Germany. In the Himalayas sherpas carry climbers’ equipment up mountains, pitch tents and cook meals. Lars-Hendrik Röller is certainly not the Federal Chancellor’s quartermaster. And yet he is her “sherpa”. The tall man with the grey beard is preparing the path towards the summit of the 20 most important industrial and emerging countries and the European Union which Angela Merkel is hosting in Hamburg on 7 and 8 July 2017.
The professor of economics who will celebrate his 59th birthday a few days after the summit meeting has now headed the Directorate-General for Economic, Financial and Energy Policy in the Federal Chancellery for six years. This is also linked with the title of “Personal Representative of the Federal Chancellor for the G7/G20 Summits”. This position involves more work than glory. That is particularly the case when the summits are held in quick succession in your own country: first, the G7 summit in Elmau, Bavaria, in 2015 and now the G20 in Hamburg. Röller has had hundreds of telephone conferences and undertaken dozens of visits all over the world. Positions have to be sounded out, papers agreed. Who accepts what and how far will they go? Everything comes together in Röller’s office.
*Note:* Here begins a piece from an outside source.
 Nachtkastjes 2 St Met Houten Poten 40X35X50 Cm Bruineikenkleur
Cosmopolitan and multilingual
Merkel appreciates her cosmopolitan, multilingual adviser. Here a brief confirming nod, there a mischievous smile – the non-verbal communication also works well. The father of three feels more at home in the background than in front of the television cameras. Not he, but the Chancellor should be in the limelight.
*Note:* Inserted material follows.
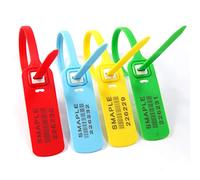 Cable labels, 100pc Cable Ties Reusable Security Seals Numbered Labels Plastic Secure Tags Red 100mm(Blu)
His start as a lateral entrant from academia was not easy. Nevertheless, Röller soon learned how to handle the pitfalls of international politics. The son of the former CEO of the Dresdner Bank studied economics in the USA. Later he conducted research and taught in Fontainebleau near Paris, in Barcelona and in Stanford. From 1995 he taught industrial economics at Humboldt-Universität zu Berlin.
In 2003 he took his first little detour into politics as a consultant to the European Commission. Merkel noticed him during debates at the Chancellery. In 2006 he returned to Berlin to head a private university, later he moved to the Chancellery. Röller sometimes self-deprecatingly says that he has not shed his professorial tendencies.
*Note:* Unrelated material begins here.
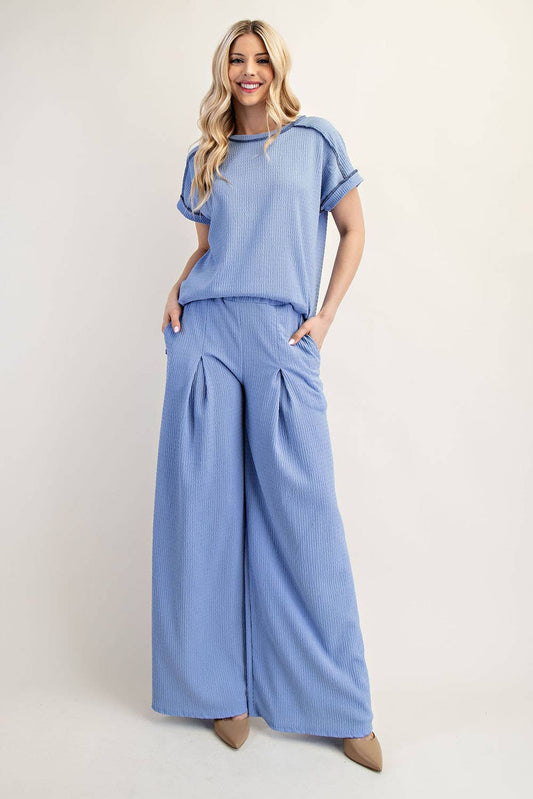 Celeste Clothing - Curvy Relax-Fit Textured Set- Blue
Nevertheless, Röller is an effective worker: the G7 summit in Elmau, the second in Germany under Merkel’s leadership, is remembered as especially productive. According to an evaluation by the University of Toronto, 84% of the agreements have been complied with, which the researchers say puts it in second place in four decades of summits. If the Elmau summit represented the successful completion of Professor Röller’s political apprenticeship, then the G20 summit in Hamburg should make him a master of this craft.